I have been told to change the diesel filter and mix something to reduce the smoke in with the diesel. Then drive it in the turbo as much as possible espescially before it goes in for the test.

I really dont want to fail again. does this advice sound right 

thanks


----------



## Jazz01 (3 Aug 2011)

Hi,

Have you gone to a garage to get the emissions checked? Just from what I heard, emissions can be a nightmare...  a few things contribute to the issue, so you could be lucky or unlucky with what gets changed...

For my previous cars going to NCT, usually drove the car in 3rd gear on the way down to the NCT centre, make sure the engine is "warmed up"... Also, you can buy cleaners for the engines - just add to the fuel tank after putting in some fuel - but haven't used these at all...  

Has the car been serviced on a regular basis?


----------



## regvw (3 Aug 2011)

Hi Jazz
yes car is serviced regurlarly, may have been a bit cold going in as I bever thought an 07 would have an emmission problem.

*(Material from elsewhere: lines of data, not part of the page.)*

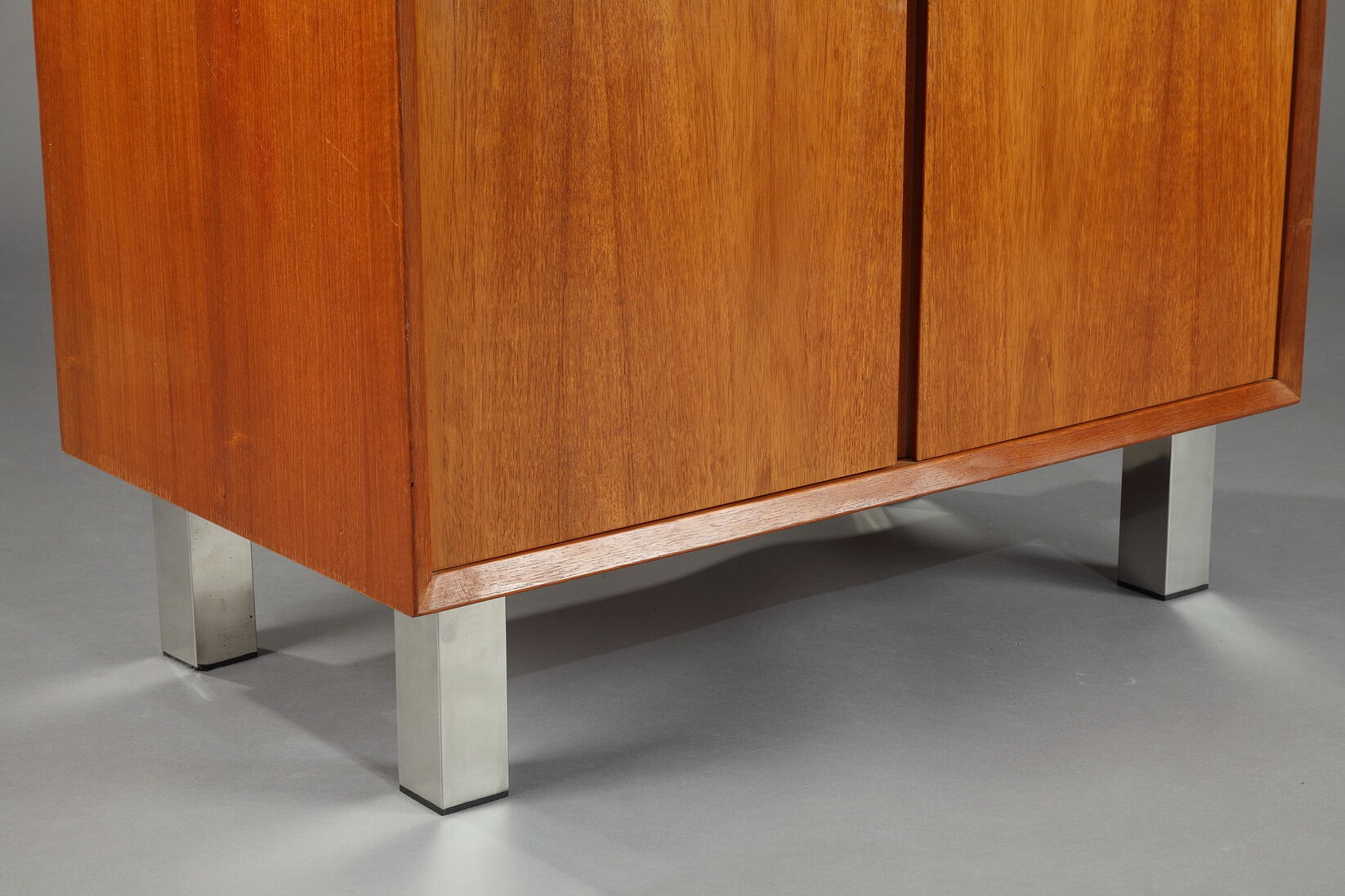 Danish low furniture in teak veneer with two leaves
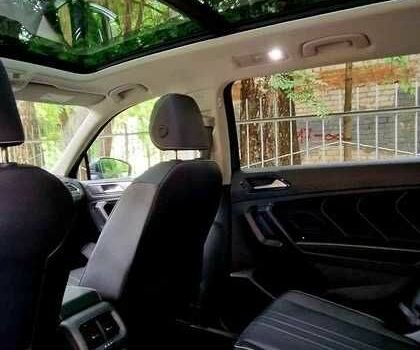 Серый Фольксваген Тигуан, объемом двигателя 2 л и пробегом 43 тыс. км за 13800 $, фото 17 на Automoto.ua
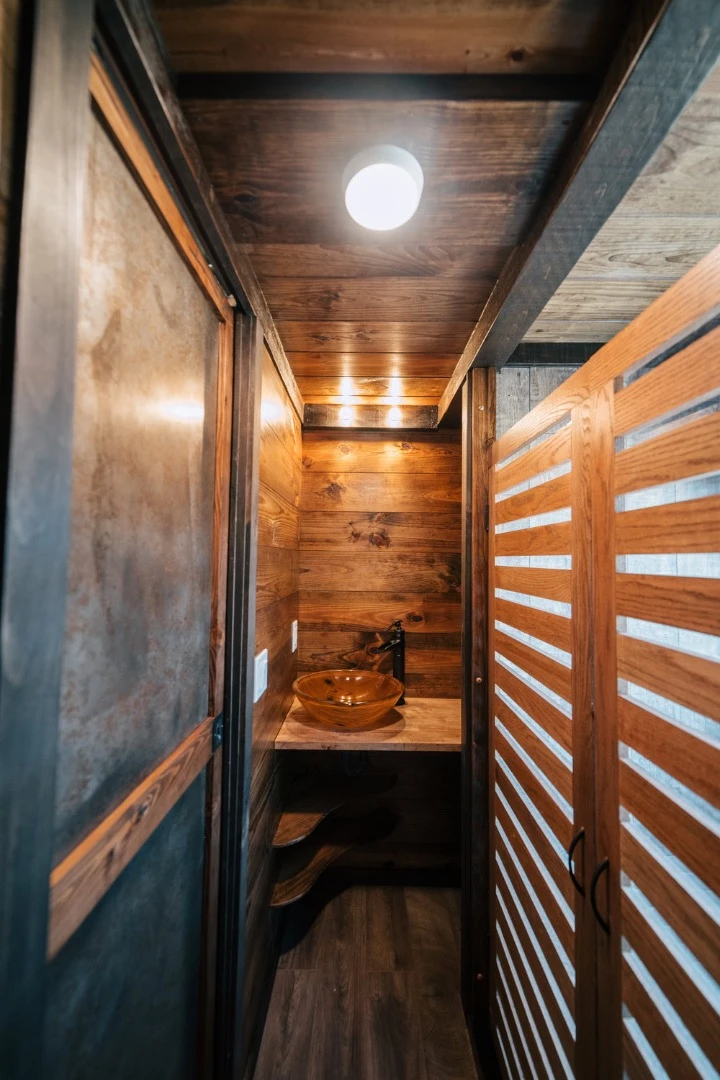 The Silhouette's bathroom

will def get someting to add to the fuel
reg


----------



## Jazz01 (7 Aug 2011)

Hi regvw,

Best of luck with the re-test .. agree 07 shouldn't have any issues with the emissions... do you use the same place for fuel - the fuel they supply might not be the best... I had my garage ask me if I had my own pump as the diesel filter on my car was in a bad state when it was being serviced... I used to use the same garage for fuel at the time... just never know what you are pumping into the tank... also waiting for the fuel light to come on isn't good (not saying you are doing that, just best not to)...


----------



## nasnari (12 Aug 2011)

Had same problem.  07 Passat serviced at main dealers.
Added dipethane at all diesel fills between original test and retest.
Passed comfortably second time.


----------



## MFK (13 Aug 2011)

Diptane is a good product.

I would also make sure the air, oil, fuel filters have been changed and as others said good quality fuel.

After that you can be in to sensor problems on the car that wouldnt be uncommon on 07 cars.

Good luck


----------